=== Section Start ===

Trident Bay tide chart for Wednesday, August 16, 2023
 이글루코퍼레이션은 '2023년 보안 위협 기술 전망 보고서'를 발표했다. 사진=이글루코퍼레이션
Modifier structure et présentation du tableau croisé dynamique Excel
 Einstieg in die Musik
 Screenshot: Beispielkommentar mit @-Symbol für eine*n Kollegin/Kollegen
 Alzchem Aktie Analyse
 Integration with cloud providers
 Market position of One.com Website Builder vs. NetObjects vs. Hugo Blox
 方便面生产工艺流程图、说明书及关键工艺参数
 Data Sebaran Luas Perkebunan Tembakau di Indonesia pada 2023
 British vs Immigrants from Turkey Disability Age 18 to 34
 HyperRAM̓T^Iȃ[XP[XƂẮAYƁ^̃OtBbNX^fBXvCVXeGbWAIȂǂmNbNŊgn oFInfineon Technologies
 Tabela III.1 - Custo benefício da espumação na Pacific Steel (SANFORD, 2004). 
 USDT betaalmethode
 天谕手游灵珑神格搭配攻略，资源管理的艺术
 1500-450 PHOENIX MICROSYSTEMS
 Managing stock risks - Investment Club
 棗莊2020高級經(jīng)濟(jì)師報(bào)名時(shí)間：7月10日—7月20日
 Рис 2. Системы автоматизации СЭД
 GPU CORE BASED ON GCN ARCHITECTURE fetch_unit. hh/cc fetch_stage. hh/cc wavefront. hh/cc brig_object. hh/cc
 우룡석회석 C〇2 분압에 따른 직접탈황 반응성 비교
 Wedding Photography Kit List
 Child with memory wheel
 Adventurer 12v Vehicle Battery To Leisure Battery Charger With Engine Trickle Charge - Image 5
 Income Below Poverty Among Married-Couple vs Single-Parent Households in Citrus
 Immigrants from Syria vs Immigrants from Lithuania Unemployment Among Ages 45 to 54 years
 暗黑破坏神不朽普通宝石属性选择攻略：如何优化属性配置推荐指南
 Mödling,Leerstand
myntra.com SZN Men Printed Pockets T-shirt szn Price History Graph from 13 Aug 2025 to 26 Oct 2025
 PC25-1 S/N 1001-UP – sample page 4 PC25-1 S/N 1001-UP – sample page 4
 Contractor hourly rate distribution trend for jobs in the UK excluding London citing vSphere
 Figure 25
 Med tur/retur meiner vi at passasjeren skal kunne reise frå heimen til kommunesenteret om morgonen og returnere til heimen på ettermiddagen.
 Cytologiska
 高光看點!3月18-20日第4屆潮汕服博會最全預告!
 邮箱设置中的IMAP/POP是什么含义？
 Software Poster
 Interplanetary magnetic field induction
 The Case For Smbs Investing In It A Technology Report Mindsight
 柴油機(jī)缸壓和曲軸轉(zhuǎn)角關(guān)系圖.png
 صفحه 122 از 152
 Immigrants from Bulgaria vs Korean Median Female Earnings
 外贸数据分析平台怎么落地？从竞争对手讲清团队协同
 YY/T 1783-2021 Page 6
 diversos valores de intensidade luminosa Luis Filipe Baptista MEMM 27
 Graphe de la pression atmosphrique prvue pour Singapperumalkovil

=== Section End ===

## Directions
What lines in the data above contain the word "Immigrants"? Copy them all.

## Finished exercise
 British vs Immigrants from Turkey Disability Age 18 to 34
 Immigrants from Syria vs Immigrants from Lithuania Unemployment Among Ages 45 to 54 years
 Immigrants from Bulgaria vs Korean Median Female Earnings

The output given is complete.